Some customers “are revisiting and trying to decide what to do and what kind of decisions to make” after missing first- half sales targets, Kuehn said in a telephone interview. “Given just the incredible turmoil that we see every day on the news, it’s not a time to be thinking about making decisions for the next six months to a year.”

‘Relatively Flat’

Second-quarter net income climbed 26 percent to $1.06 billion, or $1.07 a share. The company posted today its highest- ever second-quarter earnings per share after boosting shipping rates, as U.S. domestic volumes grew 0.1 percent. Domestic package has been “relatively flat” in July, UPS said on the call.

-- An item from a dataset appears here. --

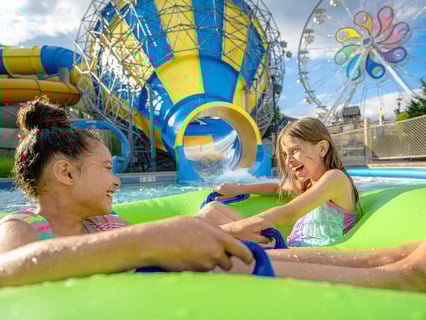 two-girls-exiting-coastline-plunge-water-slide.jpg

UPS, up 2 percent this year through yesterday, was the 10th worst-performer of the Standard & Poor’s 500 Index at 11:56 a.m.

“The domestic comment about the third quarter and the no- growth scenario, I think that’s probably the major problem for this weakness in the stock price,” said David Campbell, an analyst with Thompson Davis & Co., in Richmond, Virginia, who recommends buying the shares. “And then of course they’re not particularly precise about how the growth is going to happen in the fourth quarter.”

The U.S. recovery is slowing amid rising unemployment, which increased for the third straight month in June to 9.2 percent, and declines in sales of new homes. President Barack Obama said yesterday the U.S. may experience a “deep economic crisis” if leaders of the Congress fail to reach a deal to raise its debt ceiling. Republicans and Democrats in Congress are trying to round up votes for rival debt plans aimed at averting a U.S. default one week from today.

Reiterates 2011 Forecast

UPS reiterated its 2011 earnings forecast of $4.15 to $4.40 a share, excluding some items. Analysts predicted $4.34. The company reported earnings of $3.56 last year.

Second-quarter sales advanced 8.1 percent to $13.2 billion, driven by demand in China and Europe. UPS has added flights between the two continents to benefit from emerging-market shipping demand.

Average revenue per package rose, led by a 14 percent gain in international domestic pieces. International volume climbed 6.2 percent, driven by an 8.1 percent advance in international export shipments. The company also saw a 19 percent jump in revenue from its freight segment.

Demand in Germany, France and Turkey helped boost international domestic shipments, Kuehn said.

Excluding a gain on real-estate transactions, earnings of $1.05 a share matched the average prediction in a Bloomberg survey of 23 analysts. A year earlier, UPS reported net income of $845 million, or 84 cents a share.